The underlying CAD/CAM technology allows further improvement of the implants in many ways. First, the geometry and overall design of the implant can be easily adjusted in size according to the patient’s requirement before production. Second, a fully customized implant can be produced and fitted to the patient’s face using cone beam computed tomography scans and specialized algorithms for automatized CAD modeling. Moreover, further modifications may address the porosity of the implant or the geometry of the lay-down pattern. Further research could also address bioactivation to improve cartilage regeneration and to generate hyaline cartilage instead of fibrous cartilage or cartilaginous-like matrix.

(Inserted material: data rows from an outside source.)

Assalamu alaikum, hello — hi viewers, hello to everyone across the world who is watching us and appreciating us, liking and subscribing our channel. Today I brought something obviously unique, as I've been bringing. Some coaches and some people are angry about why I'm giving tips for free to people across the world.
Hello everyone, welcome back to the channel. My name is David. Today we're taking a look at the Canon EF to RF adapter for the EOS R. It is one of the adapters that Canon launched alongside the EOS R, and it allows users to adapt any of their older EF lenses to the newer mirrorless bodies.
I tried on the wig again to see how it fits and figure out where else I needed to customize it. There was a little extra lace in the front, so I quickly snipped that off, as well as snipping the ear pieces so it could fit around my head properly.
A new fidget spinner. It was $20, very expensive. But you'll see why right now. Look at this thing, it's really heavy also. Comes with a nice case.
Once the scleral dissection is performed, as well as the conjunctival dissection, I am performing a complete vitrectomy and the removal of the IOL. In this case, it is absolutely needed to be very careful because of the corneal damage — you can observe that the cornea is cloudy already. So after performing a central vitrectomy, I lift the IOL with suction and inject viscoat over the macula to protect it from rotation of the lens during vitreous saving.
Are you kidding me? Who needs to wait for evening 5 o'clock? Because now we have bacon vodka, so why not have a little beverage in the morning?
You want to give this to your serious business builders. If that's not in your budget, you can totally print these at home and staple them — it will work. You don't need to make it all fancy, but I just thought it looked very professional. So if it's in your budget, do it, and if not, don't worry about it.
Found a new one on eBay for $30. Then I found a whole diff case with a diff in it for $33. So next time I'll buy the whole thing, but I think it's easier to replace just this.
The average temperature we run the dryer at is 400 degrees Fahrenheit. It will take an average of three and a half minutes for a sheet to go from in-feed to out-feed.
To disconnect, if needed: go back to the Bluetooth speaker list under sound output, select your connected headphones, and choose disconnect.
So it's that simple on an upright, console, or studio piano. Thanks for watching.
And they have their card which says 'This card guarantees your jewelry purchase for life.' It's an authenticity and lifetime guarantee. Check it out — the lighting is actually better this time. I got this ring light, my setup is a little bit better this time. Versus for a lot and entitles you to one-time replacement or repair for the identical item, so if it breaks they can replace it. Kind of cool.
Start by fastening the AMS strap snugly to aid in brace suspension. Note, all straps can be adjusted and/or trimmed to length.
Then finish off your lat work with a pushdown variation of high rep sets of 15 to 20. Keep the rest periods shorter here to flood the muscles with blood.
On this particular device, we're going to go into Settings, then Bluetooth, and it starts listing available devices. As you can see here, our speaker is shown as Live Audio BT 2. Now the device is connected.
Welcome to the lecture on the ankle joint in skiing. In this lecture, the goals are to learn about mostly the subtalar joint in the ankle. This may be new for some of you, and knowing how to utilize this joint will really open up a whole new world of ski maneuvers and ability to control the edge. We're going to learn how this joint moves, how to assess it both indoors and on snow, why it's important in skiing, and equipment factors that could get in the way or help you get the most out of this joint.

In summary, PCL-based implants have shown a tolerable implant design and high regenerative potential in vivo. Moreover, existing long-term results from other studies, including first-in-human trials, have supported the findings of our study. Therefore, nasal dorsum augmentation with regenerative implants might be considered a new alternative to conventional surgical techniques. This technology could offer surgeons a new way to address their patients’ expectations in plastic surgery procedures. But further research will be necessary to prepare clinical studies.

Conclusion

This study is pioneer in reporting a preclinical evaluation of PCL-based implants for nasal dorsum augmentation. We used minipigs and a clinically relevant model to assess the potentialities of PCL implants. FDA approval for specific PCL-based maxillofacial implants exists. Therefore, PCL-based implants could become an interesting alternative for patients seeking a regenerative approach to surgery. However, further research is required to evaluate long-term stability and effectiveness in humans.